How I built a zero-rent, file-system-based Retrieval-Augmented Generation (RAG) system using Obsidian and Git—and why vector databases are completely over-engineered for personal AI context.

The Zero-Cost RAG: Why My Obsidian Vault is the Ultimate AI Context Layer

If you ask a modern AI engineer how to give an agent context, they will immediately tell you to set up a vector database (like Pinecone, Chroma, or pgvector), chunk your text, run it through an embeddings model, and write a semantic search query. This is classic tech over-engineering. For a personal knowledge base, it's completely unnecessary, expensive, and slow.

Instead, I built a Zero-Cost, File-System-Based RAG using nothing but Obsidian and Git. It costs me absolutely nothing, has zero latency, and provides perfect deterministic control over what my agents can see and do.

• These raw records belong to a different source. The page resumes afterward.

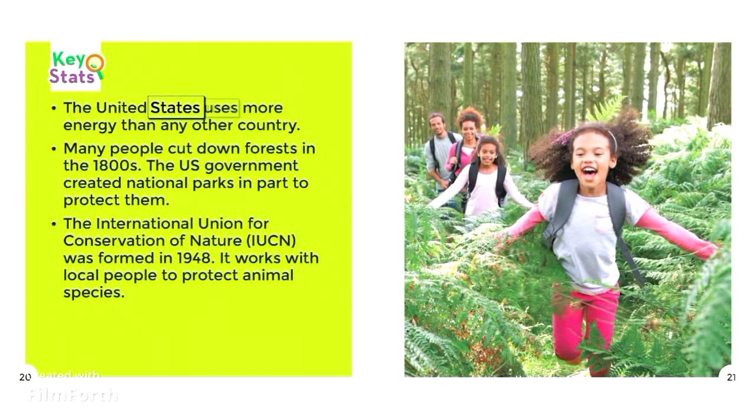The United States uses more energy than any other country. Many people cut down forests in the 1800s, and the U.S. government created national parks in part to protect them. The International Union for Conservation of Nature, IUCN, was formed in 1948. It works with local people to protect animal species.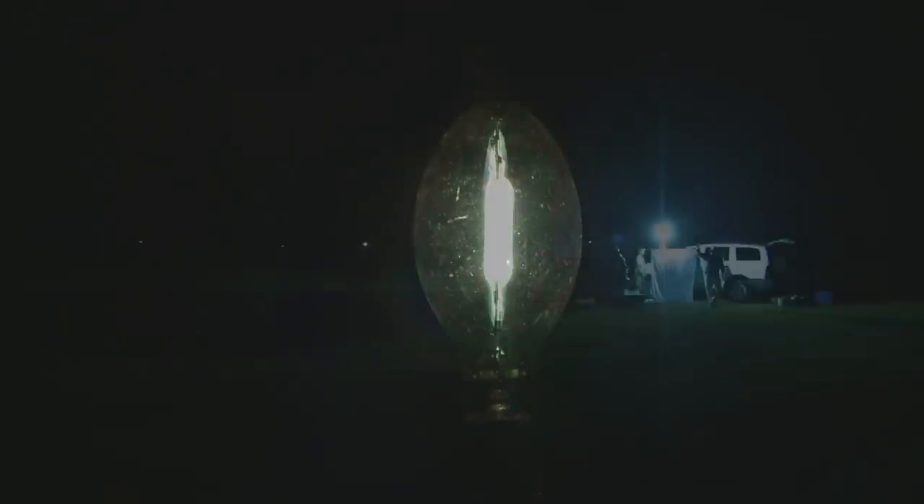Out in the dark on a steamy night near Pearl River, Louisiana, a single beacon of light shines out from deep within the Honey Island Swamp. This, my friends, is a bug hunt.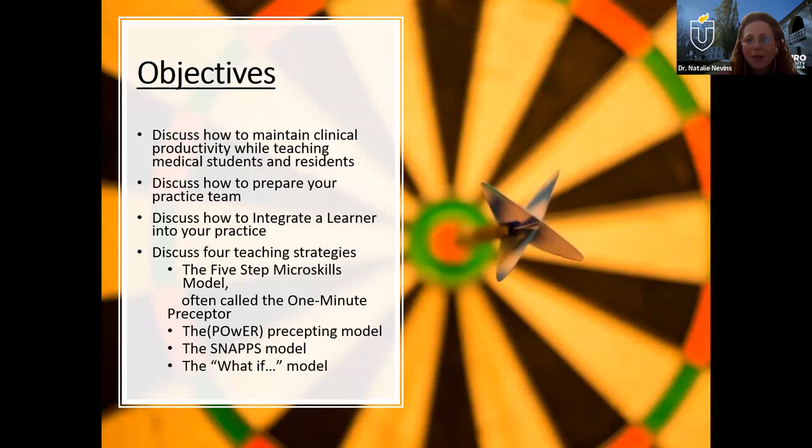Here are our objectives that we're going to cover today — we won't read them to you. Really, the goal for us is just to give you some tools in your toolbox. If you have had learners in your practice before — whether they were medical students, PA students, nurse practitioner students, residents — or if you've never had them before, these are all tools that will help you to be a more effective preceptor.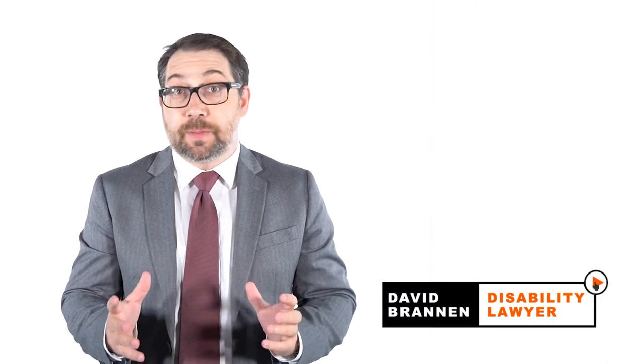Hi, I'm David Brannon, disability lawyer. In this video, I'm going to answer the question: what is a CPP disability medical adjudicator?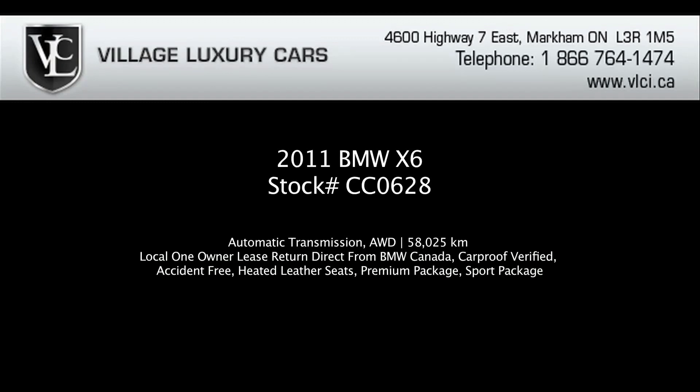For more information on this 2011 BMW X6 xDrive35i, give us a call, visit our website, or pop in for a test drive.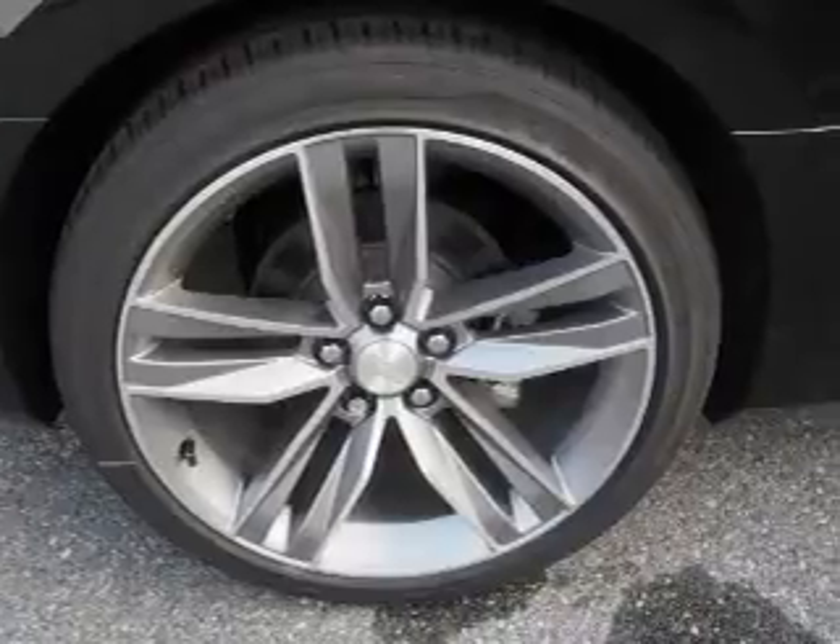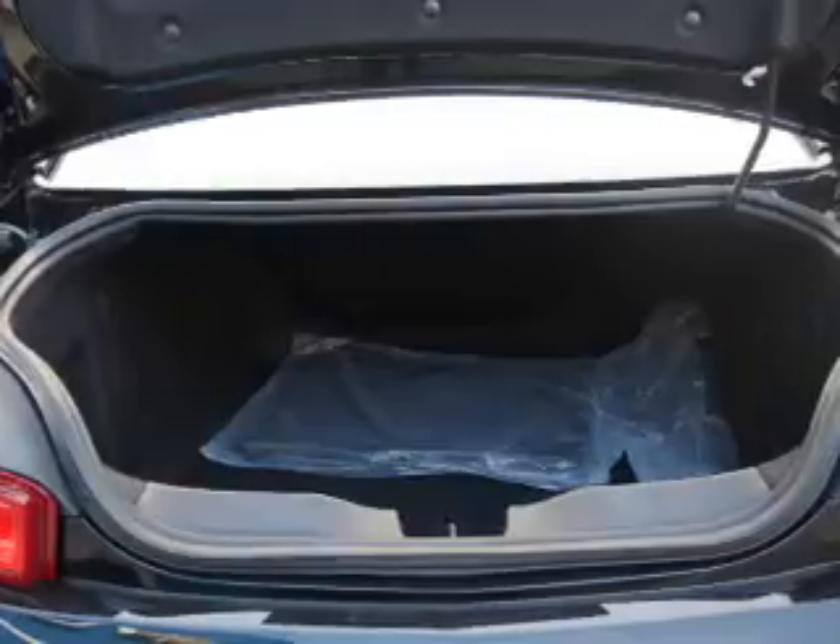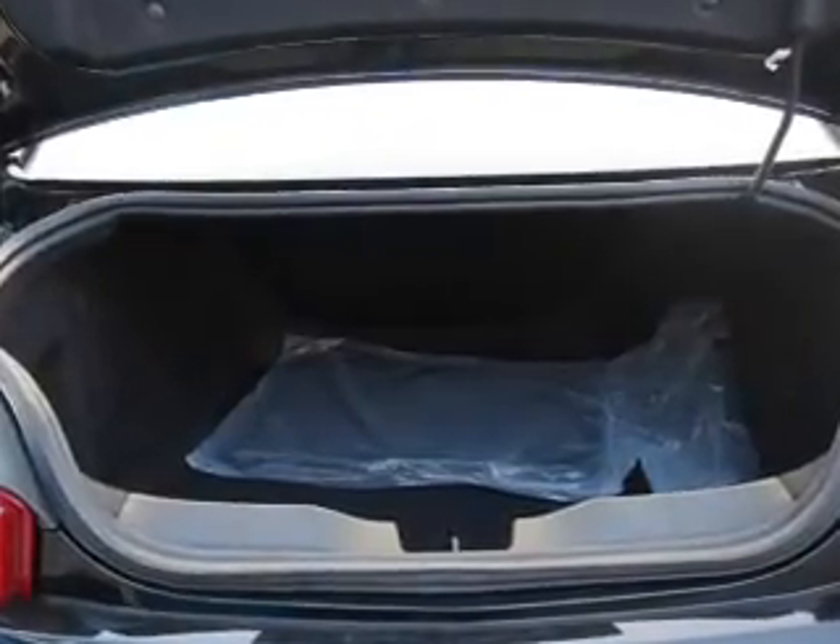Push button start, a backup camera, curtain head airbags — great quality at a great price. Call or click to contact us today.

The 3 Layers of File-System RAG

My RAG architecture consists of three clean, straightforward layers: 

  1. The Retrieval Layer (Obsidian Knowledge Base): All my documentation—from server infrastructure maps and security rules to my neurological operating manual—is written in clean Markdown files inside my Obsidian vault. This is the master database.
  2. The Ingestion Layer (Git-Backed Grounding): When an AI agent boots up in my workspace, the system configuration forces the agent to read my active context files directly from the local file system. There are no API keys or databases in the middle; the agent reads the Markdown directly.
  3. The Generation Layer (Bounded Execution): The agent generates code or drafts text that is strictly bounded by the boundaries defined in the retrieved files. If a rule says "Never publish directly to production," the agent is physically blocked from generating a script that does so.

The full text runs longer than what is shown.